A bit of art this week in book form, courtesy of the legendary Ralph Steadman and director Ceri Levy – Extinct Boids (2012). This full-scale book was adapted from an exhibition which Steadman worked on called Ghosts of Gone Birds. As such, it stands as an entertaining slice of history, as well as something of a statement for animal rights.
Most of you will likely know of Steadman’s work with the legendary gonzo journalist Hunter S. Thompson. In books such as Fear and Loathing in Las Vegas, his nightmarish, vivid, but humorous pictures added weight to Thompson’s words, much as with how Terry Gilliam’s stop motion animations illuminated Monty Python’s shows. With Steadman’s distinctive paintings, this is a colourful and marvellous book for anyone’s collection.
Extinct Boids consists of hundreds of paintings of extinct, endangered, or fictional birds which Steadman made up on a whim. The result’s as spectacular as you’d expect, based on the artist’s extensive history. Each bird has new life breathed into it, with some startling results.
Within the brief details provided about each bird, however, lies a story of human excess. Many times you’ll come across an extinct bird and quickly discovered the reason behind this was human intervention – the dodo (featured on the front cover) is perhaps the most notable example of this.
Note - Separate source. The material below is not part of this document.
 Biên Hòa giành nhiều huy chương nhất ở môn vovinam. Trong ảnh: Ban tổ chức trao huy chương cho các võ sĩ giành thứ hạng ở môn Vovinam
With this in mind, the book is funny and silly, but it does have an important message to part with. Time and time again the story for a species reads as follows: humans landed on an obscure island, discovered new species of bird, began consuming them, and didn’t stop until there weren’t any left. It’s a sad reminder, then, that these animals are no longer with us.
You’ll find around 100 pictures altogether, each with a tale to tell (even if some of them are fabricated), and all of them sprinkled liberally with Steadman’s trademark quirky sense of humour. As such, it’s suitable for young and old alike – always quite the achievement when one can cross generations through creativity.
This isn’t a book we can ramble on about for long. It’s simply one, if you’re interested, to pick up, look through, enjoy, and put on your bookshelf with pride. You can check the Ralph Steadman Art Collection for more images, or purchase the thing and share it with family and friends.
That’s what we did with Hunter S. Thompson’s Fear and Loathing in Las Vegas, but we never received the book back from the friend. This is why we haven’t reviewed it on our Book of da Week section yet – annoying, huh? Moral of the story – humans can be jerks. Not Ralph Steadman, however. He’s awesome. Awesome to the max.